Interview – Yellowtrace

An interview with me was published by Yellowtrace today. I talk about Hanjo, and how the pictures were created.


Berlin based fine art photographer, Yoram Roth, takes a strong conceptual approach with his multilayered and visually arresting work. His style extends beyond the fleeting nature of spontaneous snapshots – his images require conscious planning, conceptual development and careful orchestration of a number of elements that play a significant role in his image making. Recently picked up by the respected GALERIE CAMERA WORK in Berlin, Roth will soon be exhibiting his work at several upcoming art fairs throughout Europe and Australasia, including Tokyo Photo (27th – 30th September) where he will present his highly exclusive limited edition photo book. And you’ve seen it here first.

Featured Project // Hanjo series – a modern day interpretation of a Japanese Nôh Opera.
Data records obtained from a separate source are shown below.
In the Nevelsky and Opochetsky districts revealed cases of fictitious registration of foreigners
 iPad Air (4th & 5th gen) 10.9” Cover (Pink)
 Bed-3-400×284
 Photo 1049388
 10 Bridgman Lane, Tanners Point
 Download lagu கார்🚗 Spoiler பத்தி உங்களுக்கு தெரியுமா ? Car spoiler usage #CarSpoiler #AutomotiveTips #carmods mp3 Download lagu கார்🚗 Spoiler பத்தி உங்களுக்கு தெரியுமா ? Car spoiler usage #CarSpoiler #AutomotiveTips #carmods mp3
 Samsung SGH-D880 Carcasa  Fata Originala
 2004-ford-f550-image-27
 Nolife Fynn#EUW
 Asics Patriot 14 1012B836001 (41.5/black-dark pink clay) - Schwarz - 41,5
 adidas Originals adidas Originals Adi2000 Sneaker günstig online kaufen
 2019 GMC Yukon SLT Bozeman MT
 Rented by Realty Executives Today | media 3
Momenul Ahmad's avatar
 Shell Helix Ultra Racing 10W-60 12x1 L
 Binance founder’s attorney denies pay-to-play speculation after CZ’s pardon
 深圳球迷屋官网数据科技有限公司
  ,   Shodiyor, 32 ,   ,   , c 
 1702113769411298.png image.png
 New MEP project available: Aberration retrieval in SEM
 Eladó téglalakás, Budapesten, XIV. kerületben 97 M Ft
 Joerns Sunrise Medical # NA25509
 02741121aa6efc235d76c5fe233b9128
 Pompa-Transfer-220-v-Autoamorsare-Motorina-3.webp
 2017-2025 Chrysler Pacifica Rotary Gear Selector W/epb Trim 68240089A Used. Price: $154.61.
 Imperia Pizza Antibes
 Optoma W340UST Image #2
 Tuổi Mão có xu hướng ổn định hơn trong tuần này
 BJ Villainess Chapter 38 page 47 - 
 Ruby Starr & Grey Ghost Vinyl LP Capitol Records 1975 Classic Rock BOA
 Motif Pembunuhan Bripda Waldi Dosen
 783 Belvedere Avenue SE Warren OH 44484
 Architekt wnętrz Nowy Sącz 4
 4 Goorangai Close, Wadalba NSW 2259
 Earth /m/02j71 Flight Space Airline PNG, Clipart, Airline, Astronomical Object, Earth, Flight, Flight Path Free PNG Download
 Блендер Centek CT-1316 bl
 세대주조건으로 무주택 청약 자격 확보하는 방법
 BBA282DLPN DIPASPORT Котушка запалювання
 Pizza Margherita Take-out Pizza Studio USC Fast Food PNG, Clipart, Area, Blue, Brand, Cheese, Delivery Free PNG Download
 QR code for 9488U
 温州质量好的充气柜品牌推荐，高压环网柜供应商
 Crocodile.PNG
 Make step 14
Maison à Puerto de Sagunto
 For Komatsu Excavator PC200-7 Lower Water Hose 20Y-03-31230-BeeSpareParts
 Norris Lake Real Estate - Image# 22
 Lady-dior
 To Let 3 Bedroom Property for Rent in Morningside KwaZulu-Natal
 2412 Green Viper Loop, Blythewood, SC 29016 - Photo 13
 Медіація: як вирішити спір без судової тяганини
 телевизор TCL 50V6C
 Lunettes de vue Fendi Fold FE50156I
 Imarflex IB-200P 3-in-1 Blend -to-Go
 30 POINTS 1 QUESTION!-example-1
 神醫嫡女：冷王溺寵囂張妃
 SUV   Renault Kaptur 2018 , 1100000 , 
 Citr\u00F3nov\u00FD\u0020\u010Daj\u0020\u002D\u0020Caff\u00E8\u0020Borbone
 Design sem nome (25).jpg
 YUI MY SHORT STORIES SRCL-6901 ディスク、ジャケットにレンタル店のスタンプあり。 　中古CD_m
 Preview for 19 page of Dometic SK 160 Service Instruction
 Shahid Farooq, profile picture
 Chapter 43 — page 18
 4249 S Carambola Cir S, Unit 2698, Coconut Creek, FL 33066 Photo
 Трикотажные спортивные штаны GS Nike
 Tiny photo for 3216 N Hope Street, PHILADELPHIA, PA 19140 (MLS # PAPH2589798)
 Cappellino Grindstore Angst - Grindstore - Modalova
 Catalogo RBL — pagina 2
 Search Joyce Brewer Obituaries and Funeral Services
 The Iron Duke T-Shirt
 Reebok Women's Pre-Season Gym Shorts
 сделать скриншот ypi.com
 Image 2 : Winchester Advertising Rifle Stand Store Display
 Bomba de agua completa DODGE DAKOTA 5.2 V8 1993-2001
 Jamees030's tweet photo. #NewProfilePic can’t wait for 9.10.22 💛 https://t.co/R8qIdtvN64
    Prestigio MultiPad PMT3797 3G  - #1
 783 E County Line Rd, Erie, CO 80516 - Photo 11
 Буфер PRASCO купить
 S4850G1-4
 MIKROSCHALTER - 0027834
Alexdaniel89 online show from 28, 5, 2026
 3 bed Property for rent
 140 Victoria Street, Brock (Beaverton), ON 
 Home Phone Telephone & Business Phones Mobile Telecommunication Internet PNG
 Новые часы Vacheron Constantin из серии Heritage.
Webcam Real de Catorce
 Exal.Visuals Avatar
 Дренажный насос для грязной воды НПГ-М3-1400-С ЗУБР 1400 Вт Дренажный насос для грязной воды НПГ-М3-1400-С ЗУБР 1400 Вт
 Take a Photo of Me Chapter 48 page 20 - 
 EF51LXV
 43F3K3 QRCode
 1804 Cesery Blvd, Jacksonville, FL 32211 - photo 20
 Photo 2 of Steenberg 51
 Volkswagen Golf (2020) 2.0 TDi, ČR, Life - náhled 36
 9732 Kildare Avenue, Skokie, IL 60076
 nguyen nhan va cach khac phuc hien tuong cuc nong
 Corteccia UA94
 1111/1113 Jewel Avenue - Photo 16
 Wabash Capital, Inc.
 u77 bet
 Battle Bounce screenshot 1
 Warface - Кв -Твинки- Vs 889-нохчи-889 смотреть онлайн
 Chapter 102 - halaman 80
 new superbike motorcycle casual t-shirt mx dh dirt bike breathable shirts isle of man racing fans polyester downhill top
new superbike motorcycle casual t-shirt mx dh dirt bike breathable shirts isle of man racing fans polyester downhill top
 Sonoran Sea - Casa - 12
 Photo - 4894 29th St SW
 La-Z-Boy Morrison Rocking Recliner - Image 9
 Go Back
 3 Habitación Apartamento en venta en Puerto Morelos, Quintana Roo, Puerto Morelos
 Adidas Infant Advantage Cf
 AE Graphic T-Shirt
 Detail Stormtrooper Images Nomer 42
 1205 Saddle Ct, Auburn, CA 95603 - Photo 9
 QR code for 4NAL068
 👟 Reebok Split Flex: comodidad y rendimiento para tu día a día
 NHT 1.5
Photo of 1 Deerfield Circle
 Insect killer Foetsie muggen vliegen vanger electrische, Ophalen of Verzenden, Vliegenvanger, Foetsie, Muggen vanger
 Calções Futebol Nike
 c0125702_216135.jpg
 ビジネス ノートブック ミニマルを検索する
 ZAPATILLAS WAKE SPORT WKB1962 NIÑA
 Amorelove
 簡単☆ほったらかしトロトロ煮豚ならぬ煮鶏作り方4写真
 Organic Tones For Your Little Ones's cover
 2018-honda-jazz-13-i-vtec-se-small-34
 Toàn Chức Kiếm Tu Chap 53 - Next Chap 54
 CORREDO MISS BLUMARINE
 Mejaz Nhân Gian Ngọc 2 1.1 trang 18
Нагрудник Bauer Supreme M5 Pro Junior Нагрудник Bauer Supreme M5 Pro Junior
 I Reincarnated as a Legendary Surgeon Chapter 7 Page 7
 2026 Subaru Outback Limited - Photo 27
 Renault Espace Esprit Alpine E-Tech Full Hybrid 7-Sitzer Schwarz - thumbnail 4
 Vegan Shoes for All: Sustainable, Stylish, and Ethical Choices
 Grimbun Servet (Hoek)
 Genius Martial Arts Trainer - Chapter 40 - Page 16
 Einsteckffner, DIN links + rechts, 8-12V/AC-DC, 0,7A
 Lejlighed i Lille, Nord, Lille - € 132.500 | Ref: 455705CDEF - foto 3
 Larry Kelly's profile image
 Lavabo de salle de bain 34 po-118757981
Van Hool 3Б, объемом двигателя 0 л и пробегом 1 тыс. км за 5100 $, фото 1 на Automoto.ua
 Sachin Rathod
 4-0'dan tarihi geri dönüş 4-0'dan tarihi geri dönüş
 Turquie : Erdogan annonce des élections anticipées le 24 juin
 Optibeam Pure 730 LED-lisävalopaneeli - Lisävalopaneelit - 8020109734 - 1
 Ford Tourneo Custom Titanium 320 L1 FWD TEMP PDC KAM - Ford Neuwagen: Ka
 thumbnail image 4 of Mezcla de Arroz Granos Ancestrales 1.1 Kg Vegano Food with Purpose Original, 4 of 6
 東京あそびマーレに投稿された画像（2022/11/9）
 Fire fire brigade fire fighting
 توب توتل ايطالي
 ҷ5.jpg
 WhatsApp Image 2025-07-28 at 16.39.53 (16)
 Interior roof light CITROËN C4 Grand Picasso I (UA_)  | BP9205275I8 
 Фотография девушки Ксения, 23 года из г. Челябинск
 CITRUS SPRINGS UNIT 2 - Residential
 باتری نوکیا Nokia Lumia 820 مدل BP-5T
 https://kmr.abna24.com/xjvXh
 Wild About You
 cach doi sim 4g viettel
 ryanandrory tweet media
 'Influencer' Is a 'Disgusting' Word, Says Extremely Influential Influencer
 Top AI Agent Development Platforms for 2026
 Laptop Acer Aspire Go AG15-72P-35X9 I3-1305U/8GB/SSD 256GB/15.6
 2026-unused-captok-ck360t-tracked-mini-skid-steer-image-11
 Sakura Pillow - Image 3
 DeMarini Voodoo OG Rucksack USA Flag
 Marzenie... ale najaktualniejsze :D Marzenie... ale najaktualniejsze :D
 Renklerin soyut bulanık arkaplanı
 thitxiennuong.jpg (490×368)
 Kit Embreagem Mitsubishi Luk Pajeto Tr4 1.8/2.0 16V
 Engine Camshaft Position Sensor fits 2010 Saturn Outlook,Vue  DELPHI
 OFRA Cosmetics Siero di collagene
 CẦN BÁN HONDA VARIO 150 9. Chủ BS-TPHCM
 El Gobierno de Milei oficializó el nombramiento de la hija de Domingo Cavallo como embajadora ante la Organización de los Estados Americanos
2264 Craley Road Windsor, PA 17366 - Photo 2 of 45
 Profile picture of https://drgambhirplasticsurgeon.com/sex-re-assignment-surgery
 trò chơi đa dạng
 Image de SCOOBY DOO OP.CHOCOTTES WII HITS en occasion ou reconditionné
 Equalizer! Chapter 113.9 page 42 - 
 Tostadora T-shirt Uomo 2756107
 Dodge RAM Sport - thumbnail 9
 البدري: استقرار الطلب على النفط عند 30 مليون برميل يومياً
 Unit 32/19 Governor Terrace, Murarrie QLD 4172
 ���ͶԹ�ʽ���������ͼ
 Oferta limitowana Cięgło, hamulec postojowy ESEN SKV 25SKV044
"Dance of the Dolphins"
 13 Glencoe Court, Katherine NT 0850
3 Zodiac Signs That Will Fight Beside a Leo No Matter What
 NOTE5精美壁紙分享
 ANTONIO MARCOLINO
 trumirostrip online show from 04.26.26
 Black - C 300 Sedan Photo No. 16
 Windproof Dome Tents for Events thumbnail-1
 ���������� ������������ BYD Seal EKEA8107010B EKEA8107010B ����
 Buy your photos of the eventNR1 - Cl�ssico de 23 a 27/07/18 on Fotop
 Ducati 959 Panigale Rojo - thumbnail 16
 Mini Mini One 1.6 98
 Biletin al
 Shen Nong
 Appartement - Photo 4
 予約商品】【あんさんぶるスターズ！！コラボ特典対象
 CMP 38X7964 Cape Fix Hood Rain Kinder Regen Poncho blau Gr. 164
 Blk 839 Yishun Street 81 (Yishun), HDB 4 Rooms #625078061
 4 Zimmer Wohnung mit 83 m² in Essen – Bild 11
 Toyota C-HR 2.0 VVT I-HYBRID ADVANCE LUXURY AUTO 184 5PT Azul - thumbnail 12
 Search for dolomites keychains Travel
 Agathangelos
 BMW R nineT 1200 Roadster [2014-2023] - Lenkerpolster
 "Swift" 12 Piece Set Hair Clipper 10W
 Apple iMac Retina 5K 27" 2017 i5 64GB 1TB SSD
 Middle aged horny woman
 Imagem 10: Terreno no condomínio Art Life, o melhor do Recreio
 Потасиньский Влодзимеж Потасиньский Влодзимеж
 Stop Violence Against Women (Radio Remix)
Amazing!

Why Yoram Rocks // His fine arts images rely on an intricate production process, elaborate film sets, props, decorative elements, make up and hairstyling. Any man that manages to unite elements of design, fashion, photography and narrative is a bit of a legend if you ask me.

Below is a little Q&A with the artist. Oh and by the way, I believe this is our first international interview. Can we please have a round a HOORAYS for that? Thanks, you guys are awesome.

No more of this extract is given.